Pour le moment, aucun cas de Covid-19 avéré à l'EHPAD des Mouettes à Outreau. Mais c'est une directrice sous pression qui nous parle aujourd'hui. Florence Demède est en charge de l'établissement depuis 22 ans. Et elle n'a jamais connu une situation aussi difficile à gérer.
"Les filles sont solidaires. Celles qui sont planifiées le matin reviennent le soir aider les collègues. Au sein de l'équipe c'est formidable, n'empêche qu'il y a cette charge psychologique. On désinfecte à tour de bras, on prend des milliards de précautions mais c'est le stress pour tout le monde. On n'a jamais connu ce sentiment de dangerosité intense." Florence Demède est inquiète. Inquiète pour ses 59 résidents. Inquiète pour sa cinquantaine de salariés. "Parfois j'en pleurerais. On n'a pas les moyens qu'il faut."
Les résidents confinés dans leur chambre
La veille, une des résidentes a dû être transportée à l'hôpital. Ses symptômes laissent à penser qu'il ne s'agit pas du virus mais dans le doute, tous les résident sont depuis confinés, chacun dans leur chambre. Il faut trois jours pour connaître les résultats du test. "On a la chance d'avoir de grandes fenêtres."

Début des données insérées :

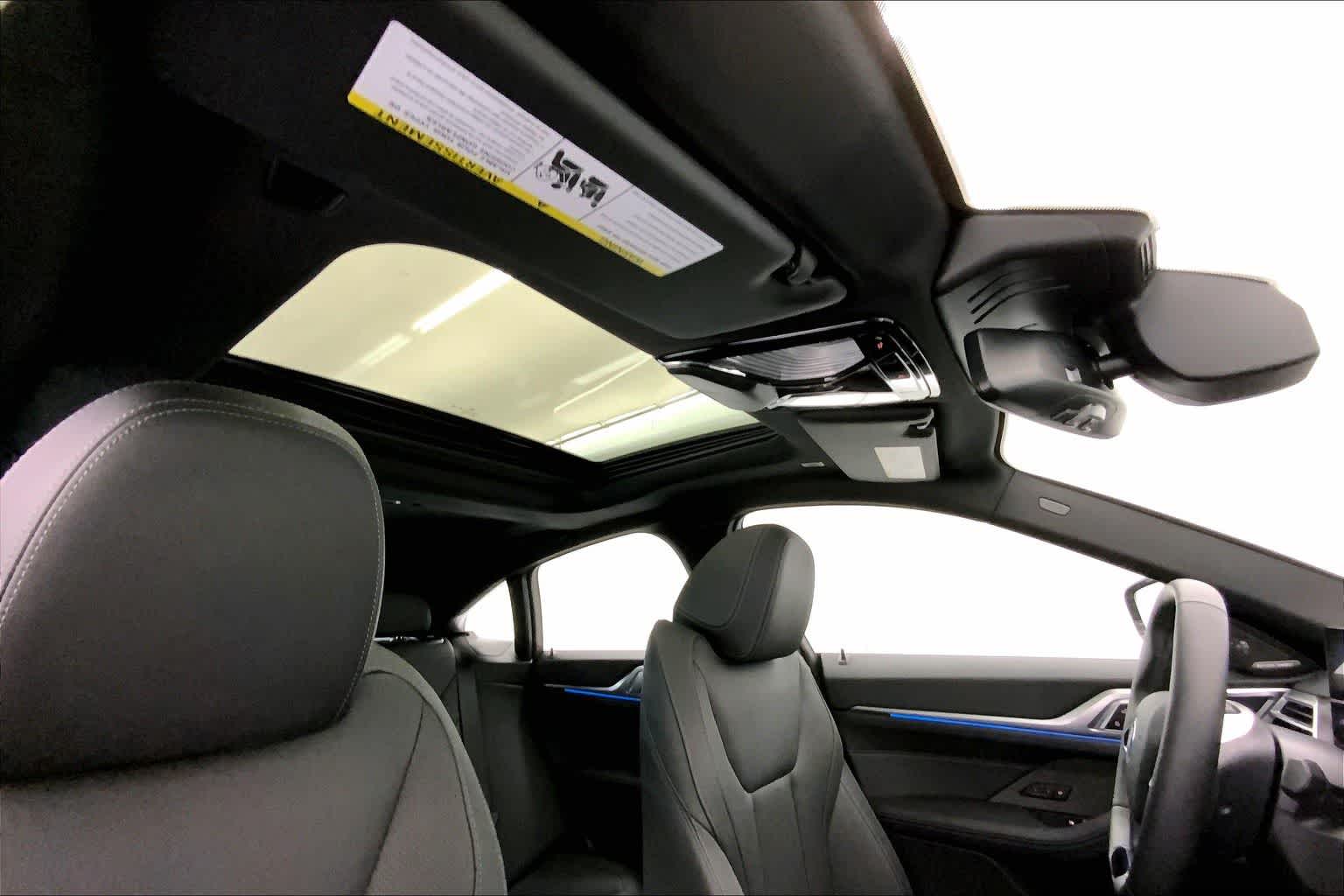 Thumbnail: 2025 BMW i4 - 30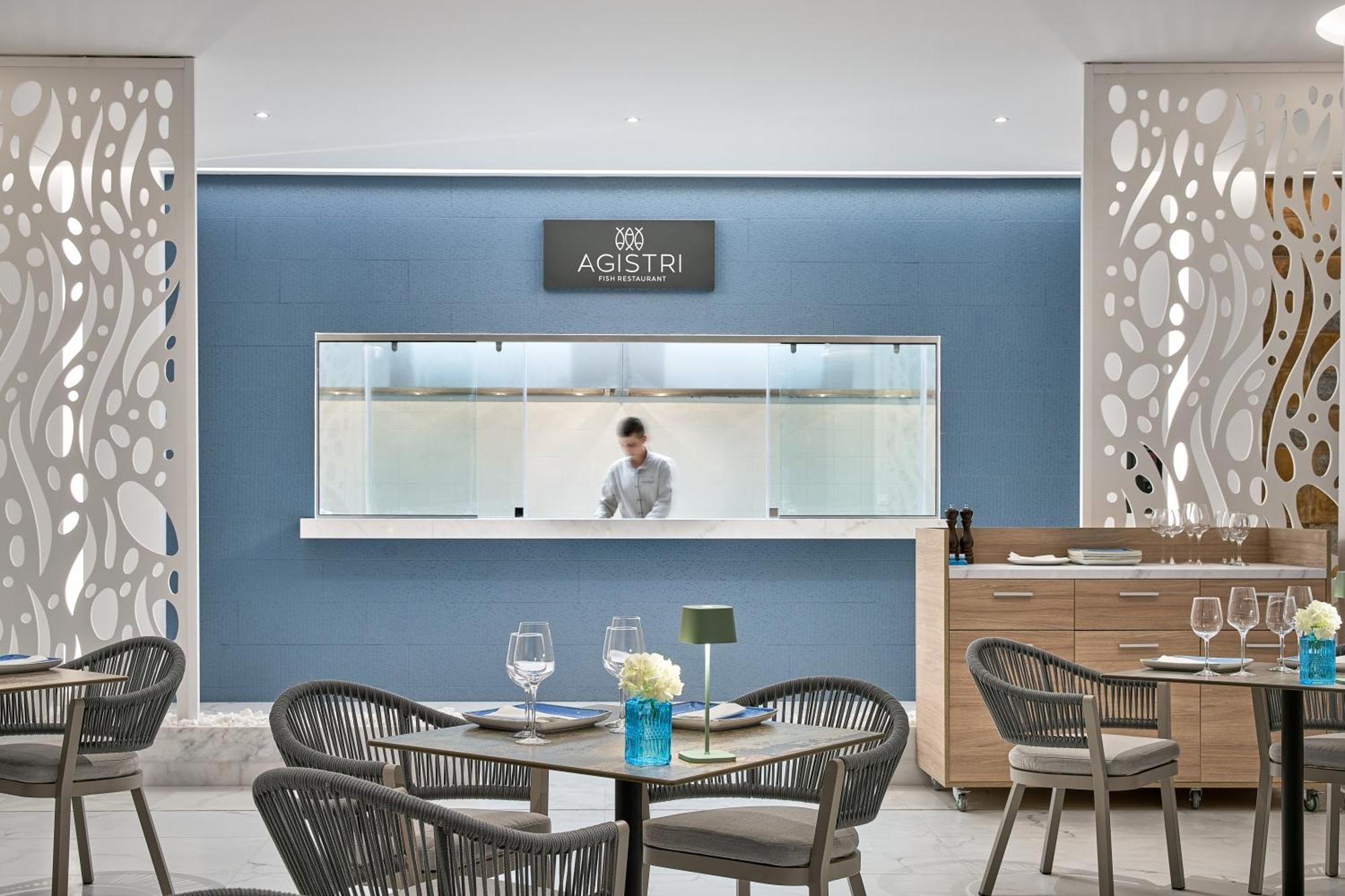 Grand & - Adults Only Otel 5*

Autre inquiétude du moment : l'équipe commence à manquer de gants. Les fournisseurs habituels sont en rupture. Pas de gants médicaux, donc, les seuls disponibles sont des gants d'entretien. Quant aux masques : "On se rationne, c'est pas normal". L'Agence régionale de santé leur en livre deux cent par semaine. Deux cent pour une cinquantaine de salariés. Des masques sensés durer quatre heures mais que le personnel porte jusqu'à la fin du service, c'est-à-dire environ sept heures. "Et puis on n'ose pas les jeter, on se dit qu'on va les laisser reposer pendant douze heures pour que le virus s'en aille..."
La semaine dernière, Florence Demède s'est vu proposer 5000 masques par téléphone, à un prix défiant toute concurrence "Je me suis dit que ce n'était pas possible, que c'était de la marchandise "tombée du camion"". Par peur d'une escroquerie, la directrice a dit non. Et c'est la solidarité qui a permis de parer au plus pressé : la mère d'une salariée en a confectionné en tissu, assez pour équiper chaque aide-soignante de deux masques lavables.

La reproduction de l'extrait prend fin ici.